Vice-President: The principle of the Bill is easily understood, and it is on the principle of the Bill that discussion, if any, will take place to-day. There will be time between now and the Committee Stage for Deputies to go into the Bill in detail.
Mr. Good: Might I point out to the Vice-President that this is a very complicated measure, a very complex measure, and a measure that will have very considerable reactions, and, consequently, it is a measure that ought to be inquired into very fully. There has been no opportunity for inquiry at all. We have had practically only one day. We received the Bill on Saturday, and, as the Vice-President knows, that is a short day, and an impossible time to take up a Bill of this kind. Consequently there was only yesterday to deal with it. That is not a sufficient time to consider a Bill of this kind and magnitude and importance.
Mr. Cosgrave: It would appear to me from reading the measure that there are three principles in the Bill—(1) to ensure that the majority of the speculative portion of the capital should be in the hands of our nationals; (2) to insure for foreigners debenture interest on debenture stock, and (3) to give the Minister for Industry and Commerce absolute control in respect of the issue  of licences. Which of the three is the principle of this Bill, I cannot say.
Minister for Industry and Commerce (Mr. Lemass): It is quite obvious from what the Deputy has said that he does not understand the Bill, and under those circumstances we might consider postponing discussion on it. However, in view of the state of the Parliamentary programme, it is not possible to do so. Those Deputies who have read the Bill will appreciate that it is not very difficult to understand the principle of it, and the details can be discussed in Committee. What the Bill is about can be discussed on Second Reading.
Mr. Lemass: It is not possible to agree to the Deputy's proposition. I think that if we can get the Second Reading of the Bill disposed of, an adequate interval will be provided before Committee Stage is taken, and I think that is all that Deputies could reasonably ask.
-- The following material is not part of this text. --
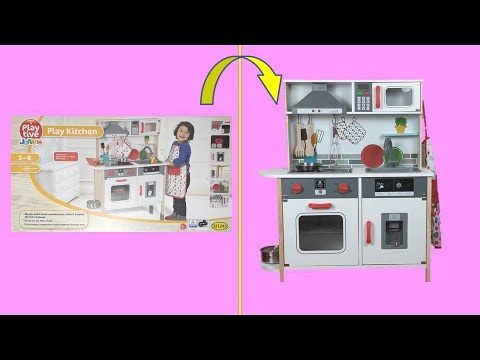 heel fijn pijnlijk Oranje Kitchen for kids unboxing play set Lidl Playtive Junior Play Kitchen 321245  DIY Happybee Kids Club - YouTube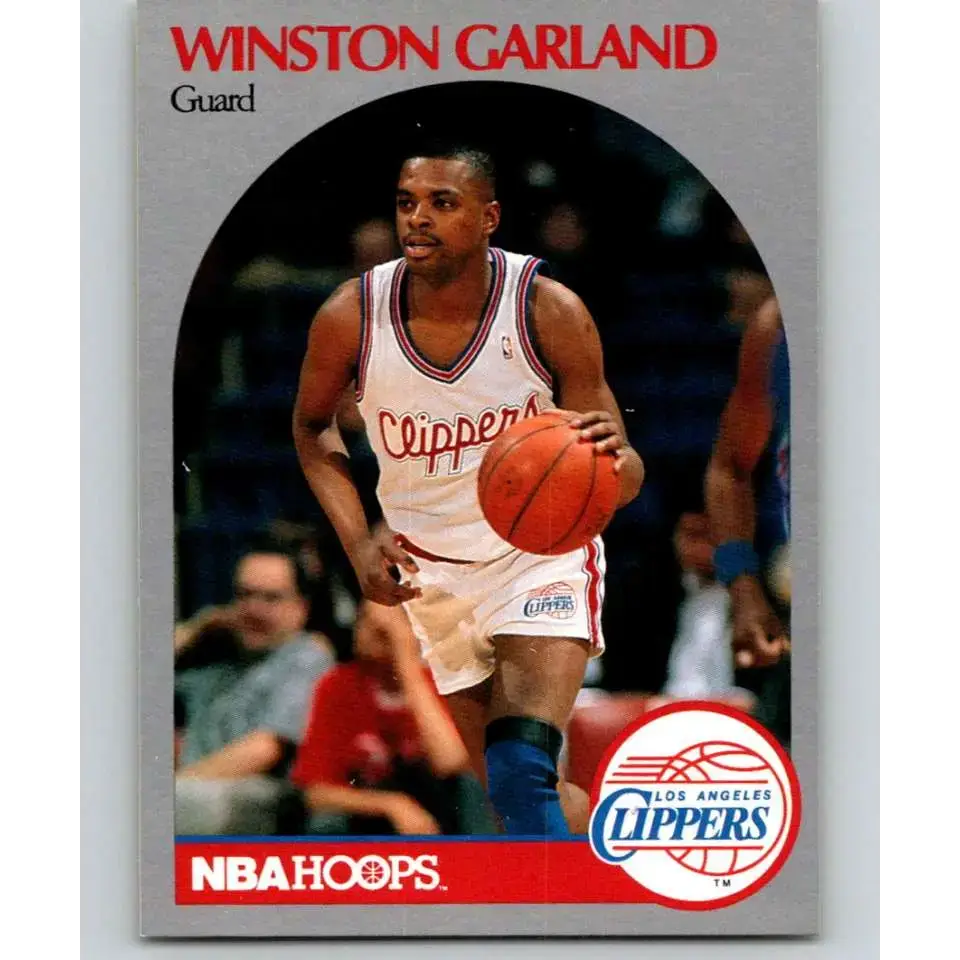 1990-91 Hoops #143 Winston Garland NM-MT Los Angeles Clippers Basketball Card - Basketball Card Single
Mr. Morrissey: Might I point out that if the Second Reading of this Bill is postponed until to-morrow, it will not interfere with the disposal of the Second Reading this week. It is quite right, as the Minister said, that we  can have the Second Reading, and be allowed adequate time before Committee Stage, but the Minister is surely aware of the fact that members may wish to deal with matters on the Second Reading which they would not be allowed to deal with on the Committee Stage as being outside the principle of the Bill as accepted.
Mr. Lemass: It is necessary that the Finance Bill should be disposed of this week, and that the Finance No. 2 Bill should go through. If we are to adjourn on 8th July it is going to be very difficult to dispose of the business on the paper.
Mr. McGilligan: There are Estimates for this day's sitting which must also be got through. The Second Reading can be taken after those Estimates, and if they are not concluded, let the Bill be taken to-morrow.
Mr. Lemass: It went out on Friday, but did not reach Deputies, but, at the same time, we can usefully discuss it on Second Reading to-day, and, if an  adequate interval is allowed before Committee Stage, Deputies will have an opportunity of going into every detail of it, and of putting down any amendments they care to put down.